Language included in the proposed amendment requires the $1 million income level to be adjusted annually to reflect any increases in the cost of living using the same method that applies to federal income tax brackets. Supporters claim the ballot question will generate $2 billion annually, which they say will be used to fund education and transportation. However, a June 8 study by the Beacon Hill Institute (BHI) projects slightly more than $1.2 billion in revenues will be generated by the surtax in the first year, and only $1.5 billion by 2027. The BHI study also warns that the passage of the surtax will drive higher-income households to other states, resulting in a loss of jobs, investment and disposable income.
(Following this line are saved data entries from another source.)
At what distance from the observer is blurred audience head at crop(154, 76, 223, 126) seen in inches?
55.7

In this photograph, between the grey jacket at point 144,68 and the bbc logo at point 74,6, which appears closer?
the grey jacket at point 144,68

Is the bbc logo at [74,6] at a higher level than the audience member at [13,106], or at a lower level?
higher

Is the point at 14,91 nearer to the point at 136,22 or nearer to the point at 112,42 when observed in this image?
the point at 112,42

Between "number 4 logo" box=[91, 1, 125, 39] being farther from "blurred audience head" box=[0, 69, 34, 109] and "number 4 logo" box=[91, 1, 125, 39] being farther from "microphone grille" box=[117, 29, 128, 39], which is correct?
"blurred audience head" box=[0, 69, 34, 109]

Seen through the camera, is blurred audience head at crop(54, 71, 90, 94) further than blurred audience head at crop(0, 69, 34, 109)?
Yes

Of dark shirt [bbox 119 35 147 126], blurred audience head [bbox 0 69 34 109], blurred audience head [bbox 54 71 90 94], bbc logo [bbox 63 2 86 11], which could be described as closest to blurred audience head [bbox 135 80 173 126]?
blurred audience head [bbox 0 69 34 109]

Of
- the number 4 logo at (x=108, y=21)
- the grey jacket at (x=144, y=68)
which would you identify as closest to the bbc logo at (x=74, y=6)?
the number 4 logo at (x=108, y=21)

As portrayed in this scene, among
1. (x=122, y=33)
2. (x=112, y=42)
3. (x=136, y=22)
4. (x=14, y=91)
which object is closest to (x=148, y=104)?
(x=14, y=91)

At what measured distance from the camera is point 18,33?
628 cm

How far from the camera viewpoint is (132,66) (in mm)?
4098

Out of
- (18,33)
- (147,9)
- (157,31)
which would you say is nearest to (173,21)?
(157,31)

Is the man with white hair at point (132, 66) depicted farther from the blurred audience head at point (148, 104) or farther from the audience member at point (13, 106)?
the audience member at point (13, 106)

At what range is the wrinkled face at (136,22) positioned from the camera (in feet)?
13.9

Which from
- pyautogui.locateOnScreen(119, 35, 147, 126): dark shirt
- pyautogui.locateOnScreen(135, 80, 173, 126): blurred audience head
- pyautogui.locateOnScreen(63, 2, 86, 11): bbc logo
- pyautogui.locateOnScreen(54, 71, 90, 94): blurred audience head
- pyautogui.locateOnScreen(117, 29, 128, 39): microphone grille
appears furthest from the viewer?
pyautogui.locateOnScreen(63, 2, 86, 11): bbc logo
During the 2019 Constitutional Convention, the House Republican Caucus offered an amendment requiring that any revenues generated by the Millionaires Tax be used “in addition to and not in lieu of funds” that are already being appropriated for education and transportation. The amendment was rejected on a vote of 40-156. The BHI study warns that the Millionaires Tax, as currently written, does not include any safeguard “that prevents legislators from diverting some of the (funding) already applied to education and transportation to other purposes and thus undermining the intent of the amendment.” An April 1 report by the Pioneer Institute also warned that, “Despite its purported goal of taxing only the uber-rich, the graduated income tax would fail to protect people of more modest means from overtaxation on one-time windfalls” including those who sell a home or business.

Representative Howitt said another problem with the Millionaires Tax is that the Legislature will not be able to immediately rescind the surtax if it doesn’t work out as planned. Under the Constitutional amendment process, the earliest a repeal question could be placed on the ballot would be in November of 2026, at which point the surtax would have been in place for nearly four years.
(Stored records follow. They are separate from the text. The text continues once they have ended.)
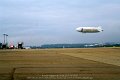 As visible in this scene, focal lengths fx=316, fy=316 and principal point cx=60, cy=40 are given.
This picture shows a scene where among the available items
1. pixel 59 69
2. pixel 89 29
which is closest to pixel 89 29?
pixel 89 29

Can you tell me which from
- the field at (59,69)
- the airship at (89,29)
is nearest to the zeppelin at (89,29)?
the airship at (89,29)

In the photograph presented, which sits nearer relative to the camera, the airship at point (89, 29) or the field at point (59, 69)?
the field at point (59, 69)

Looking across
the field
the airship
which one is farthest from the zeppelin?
the field

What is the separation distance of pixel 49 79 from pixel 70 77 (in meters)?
1.14

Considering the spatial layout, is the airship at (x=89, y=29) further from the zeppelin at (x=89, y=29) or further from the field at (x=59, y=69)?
the field at (x=59, y=69)

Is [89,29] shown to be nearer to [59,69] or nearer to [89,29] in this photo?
[89,29]

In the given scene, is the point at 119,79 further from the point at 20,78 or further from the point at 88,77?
the point at 20,78

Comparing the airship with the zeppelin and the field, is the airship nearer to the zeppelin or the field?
the zeppelin

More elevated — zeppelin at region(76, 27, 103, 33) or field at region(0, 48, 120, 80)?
zeppelin at region(76, 27, 103, 33)

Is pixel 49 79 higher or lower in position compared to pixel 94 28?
lower

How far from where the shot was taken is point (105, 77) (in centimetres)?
1448

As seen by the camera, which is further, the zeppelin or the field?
the zeppelin

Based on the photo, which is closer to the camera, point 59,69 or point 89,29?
point 59,69

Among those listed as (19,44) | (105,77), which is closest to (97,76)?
(105,77) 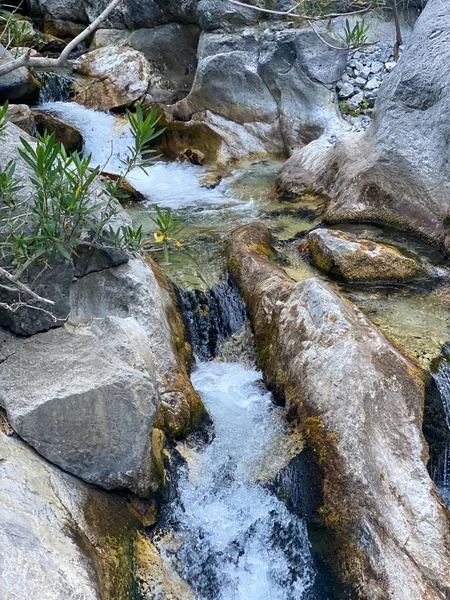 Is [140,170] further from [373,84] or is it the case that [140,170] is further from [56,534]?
[56,534]

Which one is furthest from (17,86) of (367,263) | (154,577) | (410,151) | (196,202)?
(154,577)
CHARITABLE GIVING TAX DEDUCTION – The Fiscal Year 2022 budget, signed into law as Chapter 24 of the Acts of 2021, included language to delay the implementation of the charitable giving tax deduction that was approved by the state’s voters by a more than 2-1 margin in November of 2000. This tax deduction was only in place for one year – the tax year beginning on January 1, 2001 – before the Legislature voted to suspend it in 2002.
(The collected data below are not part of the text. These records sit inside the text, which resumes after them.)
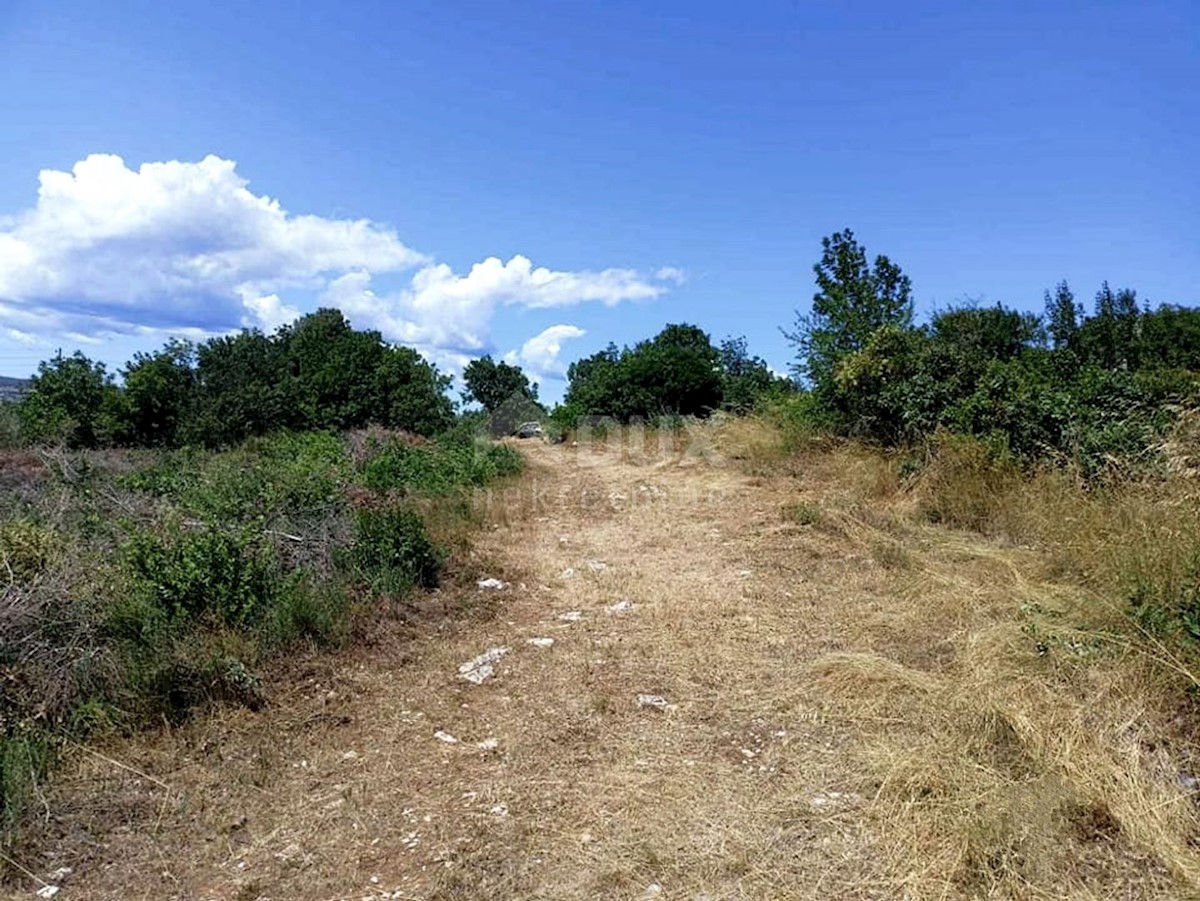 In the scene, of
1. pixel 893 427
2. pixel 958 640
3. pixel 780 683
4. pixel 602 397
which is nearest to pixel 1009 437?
pixel 893 427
Governor Baker opposed the continued delay in implementing the charitable giving tax deduction, particularly with state tax revenues coming in at a robust rate far above original projections, and vetoed this language from the budget. On July 28, Representative Howitt and the entire House Republican Caucus unanimously supported sustaining the Governor’s veto and allowing the tax deduction to finally take effect beginning on January 1, 2022. Unfortunately, the Governor’s veto was overridden on a vote of 124-35, meaning taxpayers still cannot claim this deduction, more than two decades after it was passed overwhelmingly on the state ballot.
Representative Howitt said that in addition to offering savings to taxpayers, the charitable giving tax deduction would also help nonprofits and other charitable organizations that have been hard-hit by the pandemic to better meet the increased demand for their services. A recent survey conducted by Philanthropy Massachusetts and the Massachusetts Nonprofit Network found that more than 60% of nonprofits reported revenue loss during the pandemic, with an average revenue loss of 34% over the previous year. According to the survey, the greatest reported unmet needs of the populations served by nonprofits are mental health (48%), followed by food (33%) and housing assistance (32%).

LEGALIZED SPORTS BETTING – On July 22, the House passed legislation to legalize and regulate sports wagering in Massachusetts. House Bill 3993 allows for betting on professional and collegiate sports and designates the Massachusetts Gaming Commission as the agency responsible for administering and enforcing the law.

The House bill creates three categories of sports wagering licenses:
o Category 1 licenses for in-person wagering at a casino
o Category 2 licenses for in-person wagering at a racetrack or simulcasting facility
o Category 3 licenses for sports wagering conducted through a mobile application or other digital platform approved by the Commission.

Under the House bill, Category 1 license holders will be allowed to partner with up to three individually branded mobile applications or other Commission-approved digital platforms, but Category 2 license holders will only be allowed to partner with one mobile application or digital platform.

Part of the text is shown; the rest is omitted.